Granuphilin interacts with the GTP-bound form of Rab3 in living cells. HIT-T15 cells were cotransfected with a fusion protein of VP16 with granuphilin-b, a fusion protein of GAL4 with the indicated mutants of Rab3A, and a plasmid containing five binding sites for GAL4 upstream of the firefly luciferase gene. The interaction between granuphilin-b and the Rab3A mutants was quantified by measurement of firefly luciferase activity. The luciferase activity produced in cells transfected with VP16/granuphilin-b and a GAL4 empty vector was set to 100%. The results are the mean ± SD of three independent experiments performed in duplicate. wt, wild-type.

Figure 7

Effect of different point mutations of granuphilin on Rab3 binding and on exocytosis. (A) HIT-T15 cells were cotransfected with a fusion protein of GAL4 with the GTPase-deficient mutant Rab3AQ⁸¹L, a fusion protein of VP16 with the indicated mutants of granuphilin-b and a plasmid containing five binding sites for GAL4 upstream of the firefly luciferase gene. The interaction of the GTP-bound form of Rab3A with the mutants of granuphilin-b was assessed by measuring firefly luciferase activity. The luciferase activity produced in cells expressing the fusion proteins of GAL4 with Rab3AQ⁸¹L and VP16 with wild-type (wt) granuphilin-b was set to 100%. The results are the mean ± SD of three independent experiments performed in duplicate. Asterisks indicate the mutants whose interaction with Rab3A is significantly (p < 0.01) different from wild-type granuphilin-b. (B) HIT-T15 cells were transiently transfected with the indicated mutants of granuphilin-b and with a plasmid encoding hGH. After 3 days in culture, the cells were incubated under basal conditions or in the presence of depolarizing concentrations of K⁺ and glucose. The amount of hGH released into the medium under basal and stimulatory conditions was determined by ELISA. The response of the cells transfected with the hGH plasmid together with an empty vector (vector) was set to 100%. The figure shows the mean ± SD of at least five independent experiments measured in triplicate.

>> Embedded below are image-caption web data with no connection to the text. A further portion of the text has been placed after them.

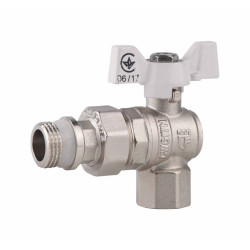 Кран кульовий "Американка" SD Forte 1\2" з антипротіканням кутовий SF223W15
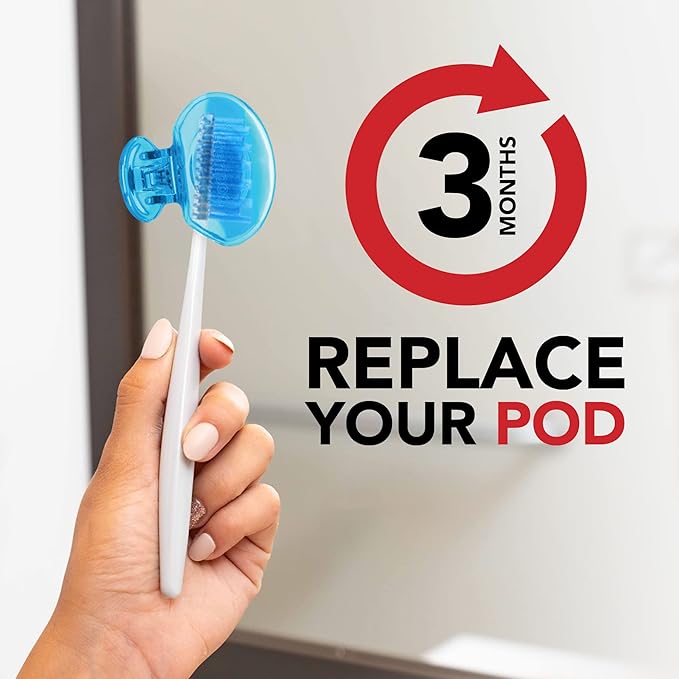 Steripod Clip-On Toothbrush Protector Exclusive Multi Color,2 Count (Pack of 8)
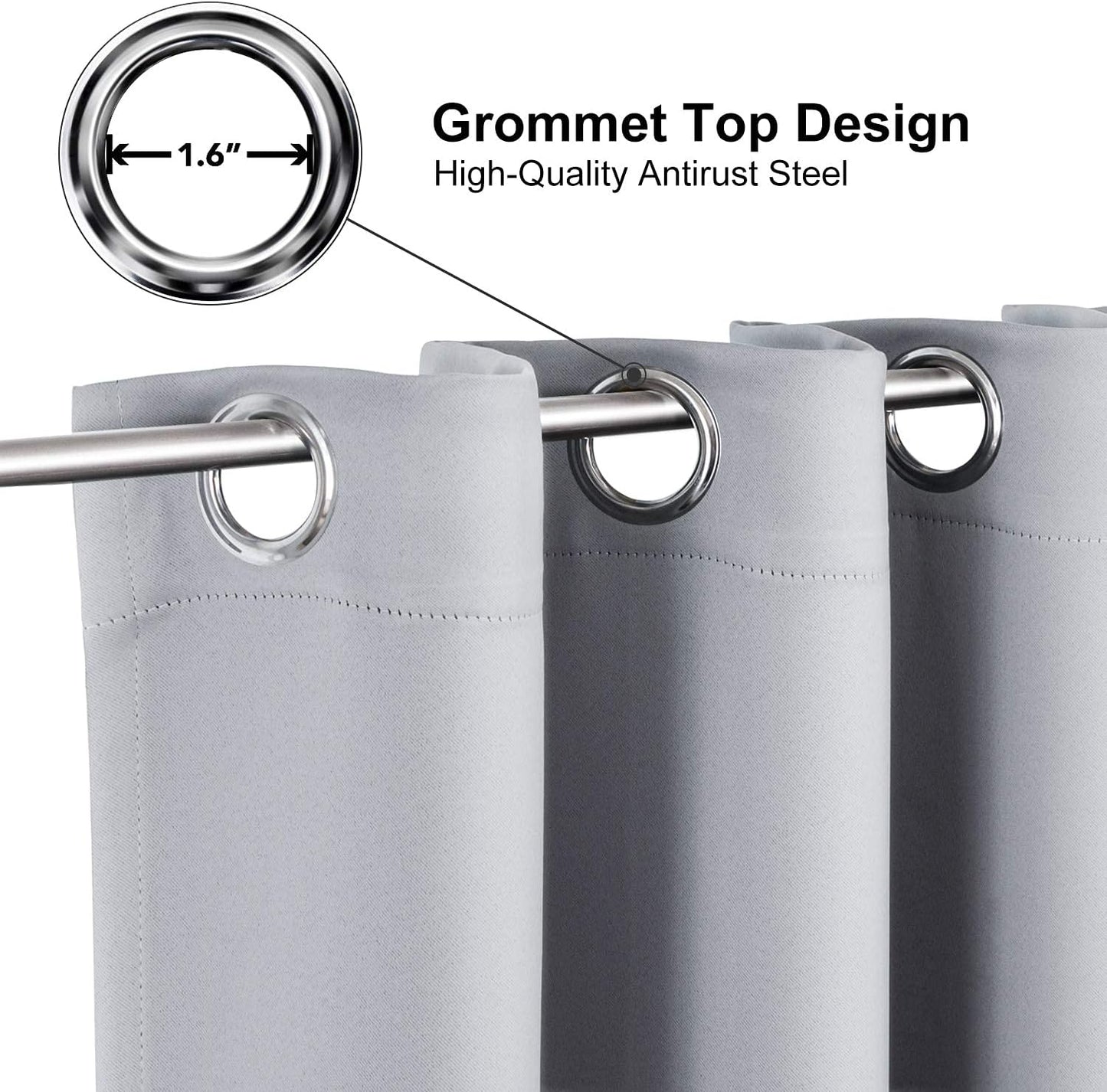 ChrisDowa Small Window Curtains for Kitchen and Bedroom - Grommet Short Thermal Insulated Room Darkening Curtains (2 Panels, Light Grey, 52 x 36 Inch)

Asterisks indicate the mutants whose effect on exocytosis is significantly (p < 0.01) different from that of wild-type granuphilin-b.

Figure 8

Granuphilin interacts with Munc-18 in vitro and in living cells. (A) GST or GST-granuphilin 1–300 (GST-Gran) were immobilized on glutathione agarose beads and incubated with in vitro translated ³⁵S-labeled syntaxin-1, SNAP-25, VAMP-2, and Munc-18 (IVT). The proteins remaining associated with the affinity columns were separated by SDS-PAGE and visualized by autoradiography. (B) HIT-T15 cells were cotransfected with a fusion protein of GAL4 with Munc-18, a fusion protein of VP16 with the indicated mutants of granuphilin-b, and a firefly luciferase reporter gene. The luciferase activity produced in cells expressing the fusion proteins of GAL4 with Munc-18 and VP16 with wild-type (wt) granuphilin-b was set to 100%. The results are the mean ± SD of three independent experiments performed in duplicate.